Kompany menilai timnya seringkali sudah berada di posisi yang sangat menguntungkan di area pertahanan PSG. Namun, eksekusi akhir selalu terbentur oleh disiplinnya barisan belakang tim tamu yang bermain sangat rapat.

"Saya rasa bagian dari rencana permainan mereka tidak dapat dieksekusi dengan baik karena kami bermain bagus dalam penguasaan bola," ungkap Kompany, Pelatih Bayern Muenchen.

Kurangnya efektivitas dalam mengirimkan umpan pemungkas menjadi catatan tersendiri bagi mantan pelatih Burnley tersebut. Ia juga menyentuh beberapa momen krusial yang dianggap memengaruhi hasil akhir di lapangan.

"Kami berada di banyak posisi berbahaya, tetapi tepat pada saat kami akan melakukan umpan silang atau memainkan bola terakhir, PSG bertahan dengan sangat baik," kata Kompany, Pelatih Bayern Muenchen.

Pria asal Belgia tersebut merasa jalannya laga leg kedua ini cukup rumit bagi anak asuhnya. Ia pun secara spesifik menyinggung adanya beberapa keputusan pengadil lapangan yang memicu perbedaan pendapat.

"Butuh waktu lama bagi kami. Skor menjadi 1-1. Tentu saja, kita harus menyebutkan keputusan-keputusan yang diambil," lanjut Kompany, Pelatih Bayern Muenchen.

Laga ini dipimpin oleh wasit asal Portugal, Joao Pinheiro, yang sempat dikerumuni pemain Bayern akibat ketidakpuasan mereka. Salah satu momen yang menjadi sorotan adalah insiden dugaan handball yang melibatkan pemain Muenchen, Konrad Laimer.

"Sebagai sebuah tim, Anda selalu harus bertanggung jawab, baik menang maupun kalah. Kami memiliki pendapat yang sangat berbeda tentang keputusan handball," tegas Kompany, Pelatih Bayern Muenchen.

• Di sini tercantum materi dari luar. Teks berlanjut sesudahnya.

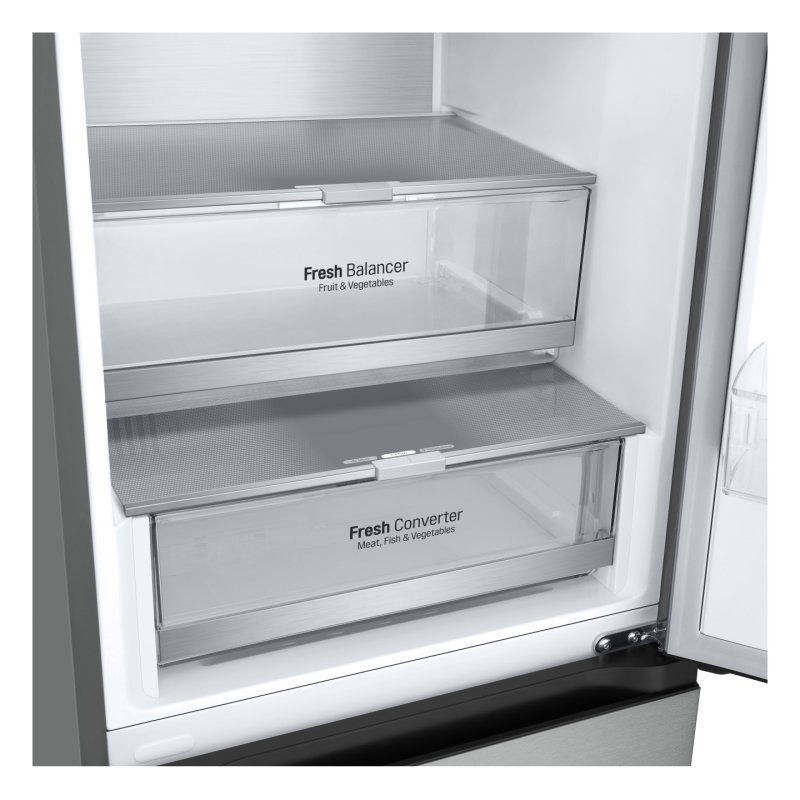 LG Kühlgefrierkombi GBV7280CMB C ed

Ia mengaku belum melihat bukti visual yang meyakinkan mengenai pelanggaran tangan tersebut. Meski demikian, ia menyadari bahwa sudut pandang pengamat mungkin berbeda dengan apa yang ia lihat dari pinggir lapangan.

"Tampaknya Konrad Laimer dianggap menyentuh bola dengan tangannya, tetapi saya tidak melihat gambar yang menunjukkannya," ujar Kompany, Pelatih Bayern Muenchen.

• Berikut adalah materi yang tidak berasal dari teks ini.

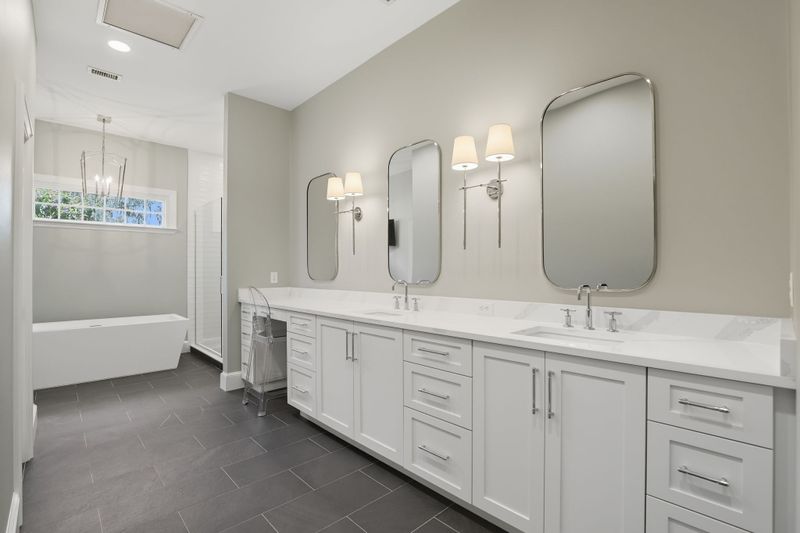 Interior Renovations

Kompany tetap mencoba objektif dalam melihat jalannya pertandingan secara keseluruhan meski merasa dirugikan. Ia menyiratkan bahwa penilaian terhadap kualitas tim seringkali dipengaruhi oleh hasil akhir semata.

"Mungkin ada, tetapi saya tidak melihatnya. Jika Anda melihat tim yang jelas lebih baik, Anda memiliki penglihatan yang lebih tajam daripada saya," kata Kompany, Pelatih Bayern Muenchen.

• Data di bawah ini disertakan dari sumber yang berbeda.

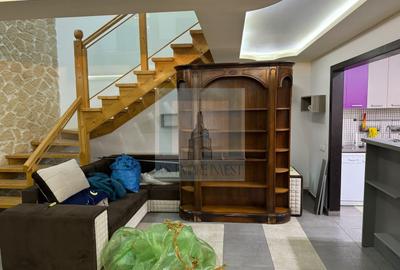 Casa/villa , 6 camere, 550 mp teren, singur in curte - Crevedia/Buftea - 12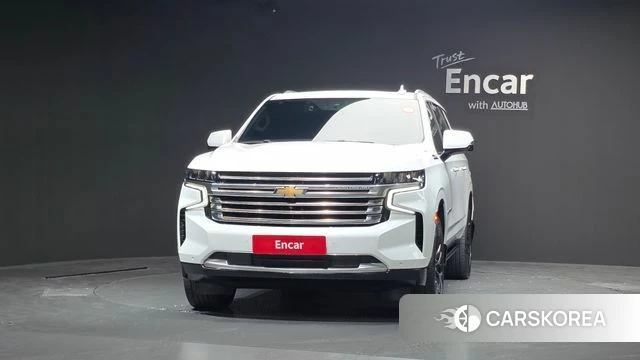 Chevrolet Server Van id 4593224 из Кореи 23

Walaupun kecewa dengan tersingkirnya Bayern, Kompany tetap menunjukkan sikap profesional terhadap lawan. Ia memberikan apresiasi kepada skuad asuhan Luis Enrique yang berhasil mempertahankan keunggulan agregat hingga peluit panjang berbunyi.

"Jika kami memenangkan pertandingan ini, pertanyaannya adalah PSG tidak melakukan semua yang biasanya mereka lakukan," tambah Kompany, Pelatih Bayern Muenchen.

Kompany menutup pernyatannya dengan memberikan ucapan selamat secara resmi kepada tim tamu. Ia menekankan bahwa rasa hormat tetap terjaga meski persaingan di atas lapangan berlangsung sangat panas.

"Ada beberapa keputusan yang tidak kami sukai. Tapi kami sangat menghormati PSG dan mengucapkan selamat," ungkap Kompany, Pelatih Bayern Muenchen.

Menurutnya, pertarungan antara dua kekuatan besar Eropa ini berlangsung cukup seimbang secara teknis. Ia berpendapat bahwa hasil imbang 1-1 tersebut sebenarnya tidak bisa dipisahkan dari faktor keputusan wasit yang kontroversial.

"Saya melihat dua tim yang seimbang berjuang sekeras mungkin. Keputusan wasit ini tidak dapat menentukan hasilnya," pungkas Kompany, Pelatih Bayern Muenchen.